## WHAT YOU SHOULD DO
Would you copy out the following entries exactly, without any of the pictures?

(Records from a collection)
_ _ _ _ _ _ _
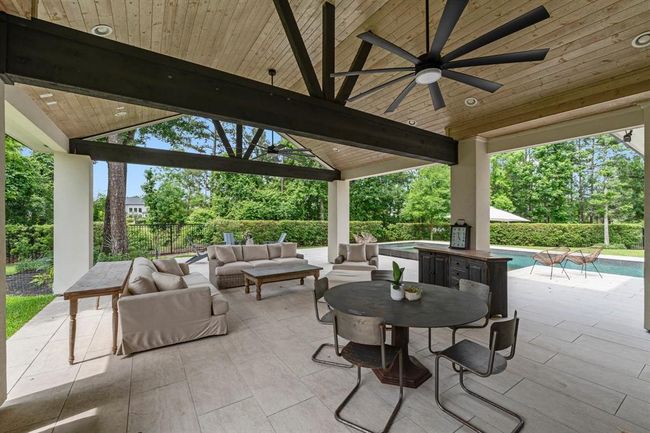 Incredible patio addition with tiled decking | Image 43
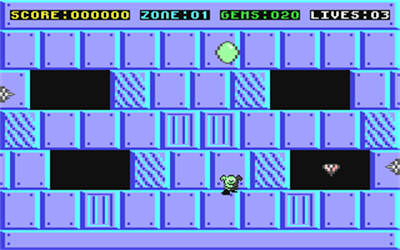 Grid Zone - Screenshot - Gameplay Image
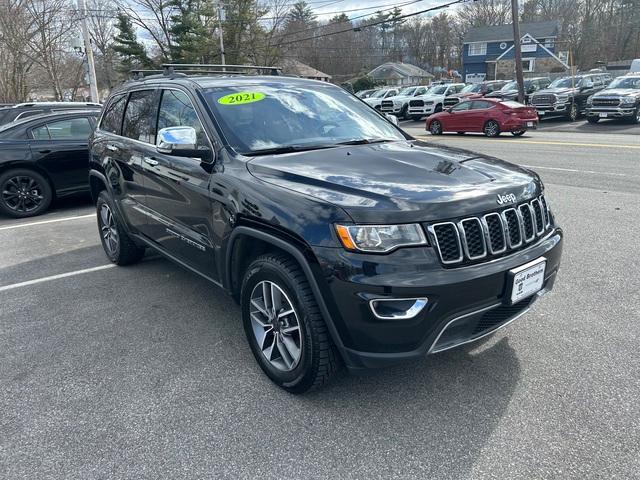 used 2021 Jeep Grand Cherokee car, priced at $31,988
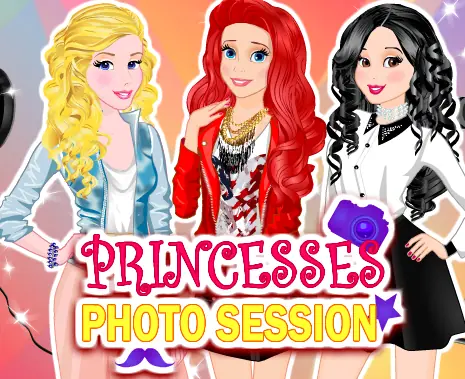 Princesses Photo Session logo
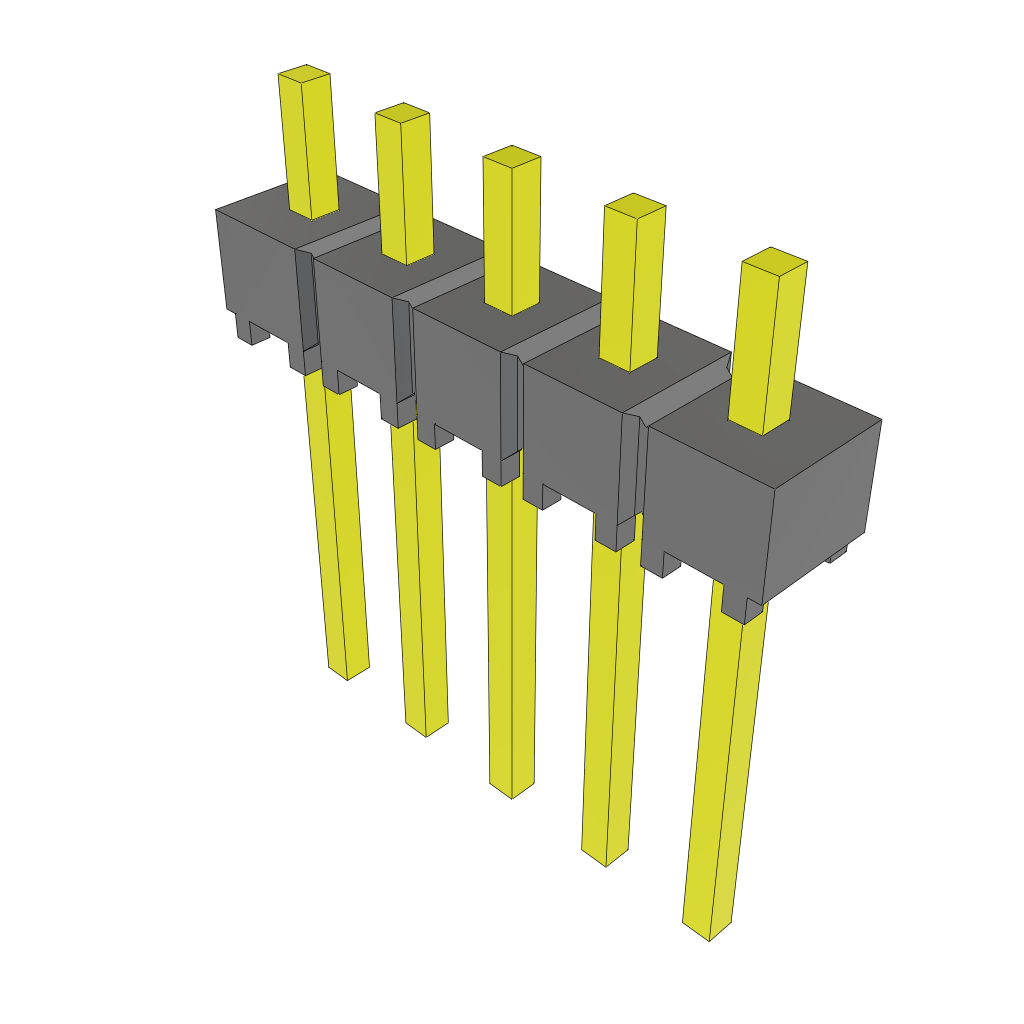 MTSW-105-08-S-S-100 by Samtec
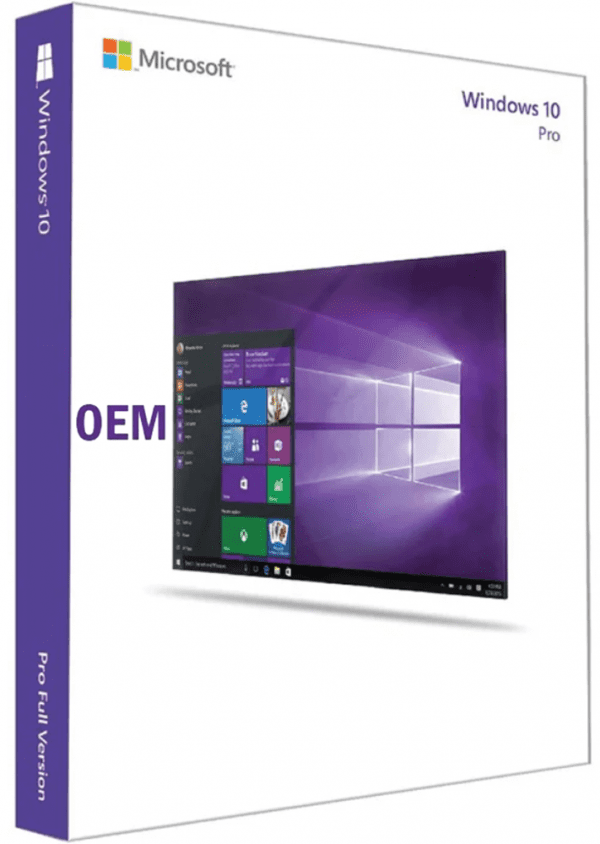 Windows 10 Professional OEM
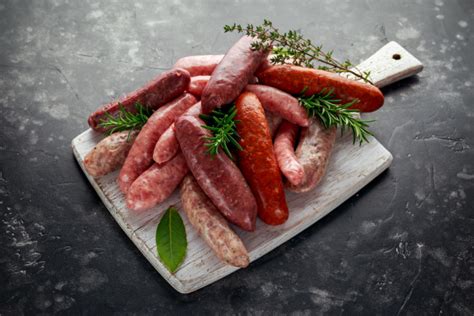 Varianti regionali della salsiccia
_ _ _ _ _ _ _
## WRITTEN ANSWER
 Incredible patio addition with tiled decking | Image 43
 Grid Zone - Screenshot - Gameplay Image
 used 2021 Jeep Grand Cherokee car, priced at $31,988
 Princesses Photo Session logo
 MTSW-105-08-S-S-100 by Samtec
 Windows 10 Professional OEM
 Varianti regionali della salsiccia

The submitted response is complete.